There are several different formulas that calculate item discrimination, but the one that is most commonly used is called the point-biserial correlation, which compares a test taker’s score on an individual item with their score on the test overall. For highly discriminating questions, students who answer correctly are those who have done well on the rest of the test. The opposite is also true. Students who answer highly discriminating questions incorrectly tend to do poorly on the rest of the test as well.

Item discrimination is measured in a range between -1.0 and 1.0. Negative discrimination indicates that students who are scoring highly on the rest of the test are answering that question wrong. This could mean that there is a problem with the question, such as bias or even a typo in the answer key. Test writers should reevaluate questions that result in negative discrimination because they do not help to show mastery.

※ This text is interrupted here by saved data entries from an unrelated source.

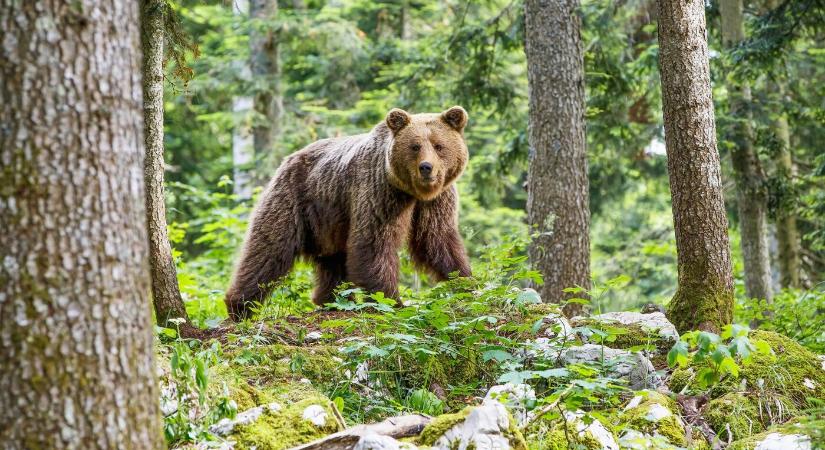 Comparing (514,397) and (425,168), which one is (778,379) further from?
(425,168)

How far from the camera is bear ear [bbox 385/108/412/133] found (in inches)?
312

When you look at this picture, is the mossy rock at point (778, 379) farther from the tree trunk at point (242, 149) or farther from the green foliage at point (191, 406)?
the tree trunk at point (242, 149)

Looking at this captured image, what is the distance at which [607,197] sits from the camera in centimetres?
1750

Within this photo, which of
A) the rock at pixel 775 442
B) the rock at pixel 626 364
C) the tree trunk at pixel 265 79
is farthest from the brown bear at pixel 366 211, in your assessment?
the tree trunk at pixel 265 79

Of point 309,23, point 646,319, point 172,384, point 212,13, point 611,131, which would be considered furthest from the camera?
point 212,13

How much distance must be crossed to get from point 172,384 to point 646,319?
11.7 ft

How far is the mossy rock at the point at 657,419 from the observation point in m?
4.66

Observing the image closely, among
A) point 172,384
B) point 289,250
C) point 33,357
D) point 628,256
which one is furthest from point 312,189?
point 628,256

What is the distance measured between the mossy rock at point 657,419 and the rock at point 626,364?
447 millimetres

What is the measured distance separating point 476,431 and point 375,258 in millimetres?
3818

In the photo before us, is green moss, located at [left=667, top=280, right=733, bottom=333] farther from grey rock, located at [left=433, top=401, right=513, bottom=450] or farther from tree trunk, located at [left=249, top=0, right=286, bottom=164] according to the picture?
tree trunk, located at [left=249, top=0, right=286, bottom=164]

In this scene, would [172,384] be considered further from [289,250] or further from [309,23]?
[309,23]

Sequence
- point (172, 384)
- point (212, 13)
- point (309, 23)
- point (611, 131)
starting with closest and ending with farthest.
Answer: point (172, 384) < point (611, 131) < point (309, 23) < point (212, 13)

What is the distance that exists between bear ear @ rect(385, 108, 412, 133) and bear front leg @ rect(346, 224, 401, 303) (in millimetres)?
918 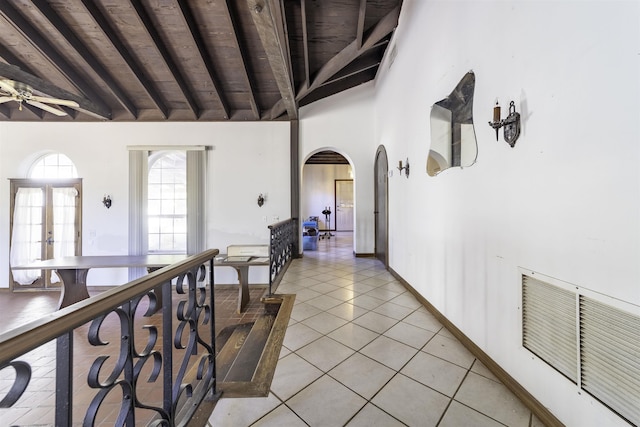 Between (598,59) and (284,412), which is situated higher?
(598,59)

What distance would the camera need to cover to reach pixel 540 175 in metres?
1.29

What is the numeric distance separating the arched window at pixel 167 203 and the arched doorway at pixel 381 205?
4175 mm

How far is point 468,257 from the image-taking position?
1938mm

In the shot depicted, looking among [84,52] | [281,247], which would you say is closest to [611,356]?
[281,247]

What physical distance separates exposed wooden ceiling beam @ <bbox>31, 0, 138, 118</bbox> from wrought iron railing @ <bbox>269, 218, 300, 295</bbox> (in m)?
3.60

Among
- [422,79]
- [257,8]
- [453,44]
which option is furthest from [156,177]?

## How to Find the Item Discrimination Index

Determining item discrimination is more complicated and involves more steps than finding an item’s difficulty. First, create a table of your students along with their test scores. In a third column, indicate whether the student answered the question you are measuring correctly by placing a 1 (for correct answers) or a 0 (for incorrect answers) in the corresponding box.

Now, arrange your students from highest scorers to lowest scorers, with the highest scorers at the top. Divide the table in half between high and low scorers, with an equal number of students on each side of the dividing line. Subtract the number of students in the lower-scoring group who answered the question correctly (lc) from the number of students in the higher-scoring group who answered the question correctly (hc). Then, divide the resulting number by the number of students on each side of your dividing line, which should be half of the class (t).

Item discrimination = (hc – lc) ÷ t

You have a class of 20 students, so after you arrange them by score in a table, you should have 10 on each side of the dividing line. If six students in the higher-scoring group answered the question correctly, and six students in the lower-scoring group also answered the question correctly, you should already know without doing the math that the item is not very discriminatory. However, we can still measure with the formula.

The formula for this problem should look like this:

(6 – 6) ÷ 10 = 0

This item is not a good measure of mastery because its discrimination index is zero.

If, however, six students in the higher-scoring group answer correctly, and only two students in the lower-scoring group answer correctly, the item is a much better measure of mastery.

The new formula would look like this:

(6 – 2) ÷ 10 = 0.4

Although the number could be higher, this question would still be a decent indicator of whether or not the student understood the material.